Against Vibes: When is a Generative Model Useful
Let’s suppose I wanted to answer a question: is the tool X useful for the task Y. If I were scientific about this, I would analyze the properties of tool X and develop a model, and the task Y and the requirements for it and develop a model, and I would use my models to predict the behaviour of tool X in the context of task Y. “Can I use timber instead of stainless steel as a support beam for this structure?” “Will this acid be an appropriate solvent for this reaction?” “Will this programming language provide these real-time guarantees?”
The discourse on generative models is not like this. Instead, you get claims like “software engineering is dead”, and attempts to shove generative models into literally everything without a thought. Search? Generative models. Code completion? Generative models. Summarization? Generative models. Voice to text? Generative models. Stock images? Generative models.

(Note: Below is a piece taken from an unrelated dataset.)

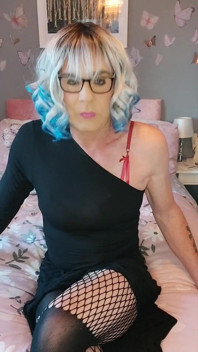 Crossdressing Juniper Beri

Any attempt to criticize this tends to go in circles and/or have people arguing past each other. Is a generative model useful for internet search? Well, look, it produces text that is plausibly related to the input prompt, so. So… what? That doesn’t answer the question. But the newest models are so much better! Better at.. what?
I was upset about this when it was being called “prompt engineering”, and found no sign of engineering, but instead a series of vibes about how to phrase a prompt in a particular version of a particular model, which sometimes produced output that is plausibly related to the input prompt and therefore plausibly close to what you might have intended. I’m upset now when people are making claims that agents are so useful, but can’t tell me when or why or how they’re useful beyond vibes about feeling more productive (vibes that have been refuted by real science contrasting objective measure of productivity vs. subjective reports), or examples of having produced a lot of plausible output.
(Okay, there are some researchers doing actual science and writing papers; I’m talking about the arguments being made as this stuff is integrating into schools, workplaces, etc.)
I want to know when generative models are useful. I don’t want to feel like they’re useful, that’s just a vibe. I’ve been a generative model skeptic basically from the beginning. I could not convince myself that generative models were useful. But I was also skeptical of my own subjective experience. I could imagine that a model capable of produce code from natural language would be useful, in some use cases that I had not found. I imagine there must be a model of when a generative model X is useful for task Y.
In this post, I’m not addressing ethical, political, or social questions. Those questions are important, and I want to address them separately from what the technology is capable of. Just for context: I think the widespread deployment of this technology is deeply problematic and irresponsible. I think further investment in it at its current scale is an almost criminal level of fiduciary negligence and will cause economic harm. I think the ethics of all of this are deeply troubling.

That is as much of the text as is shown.